## [Task brief]
Below is a listing to copy exactly; no image goes into the copy.

## [Dataset excerpt]
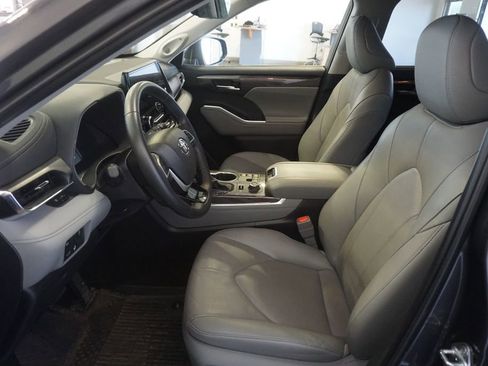 Certified 2025 Toyota Highlander Limited AWD/4WD image 20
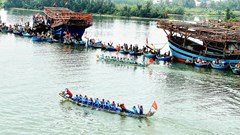 Đầu Xuân xem đua thuyền trên dòng sông Trà Bồng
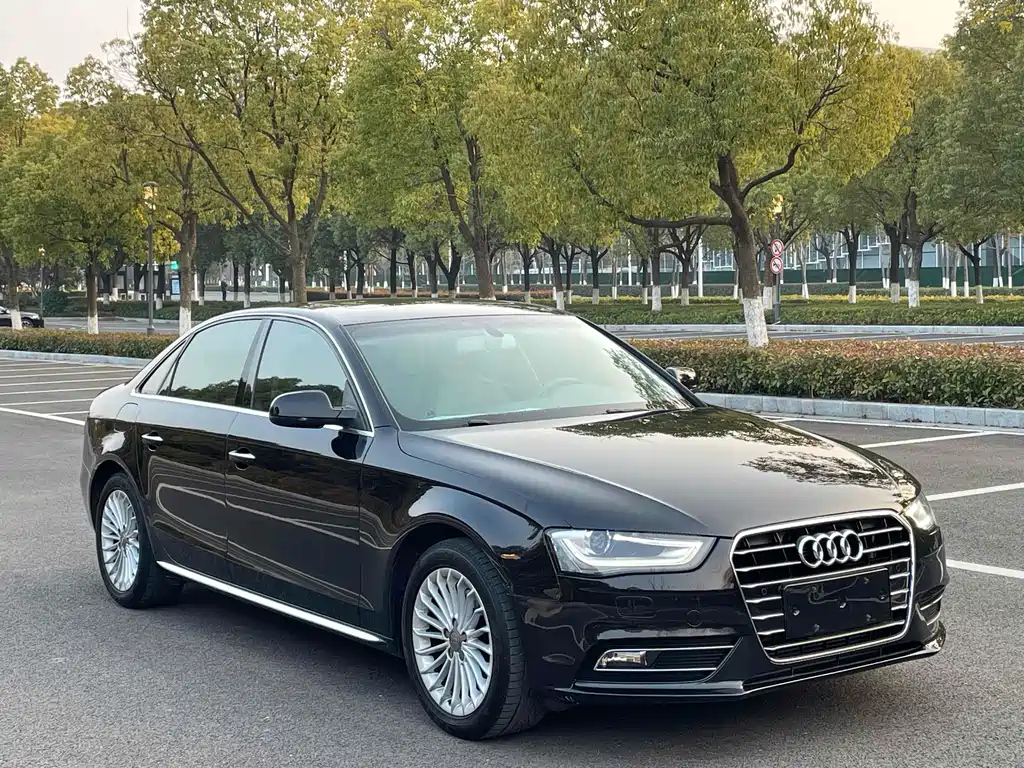 AUDI A4L 2015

## [Solution to the exercise]
 Certified 2025 Toyota Highlander Limited AWD/4WD image 20
 Đầu Xuân xem đua thuyền trên dòng sông Trà Bồng
 AUDI A4L 2015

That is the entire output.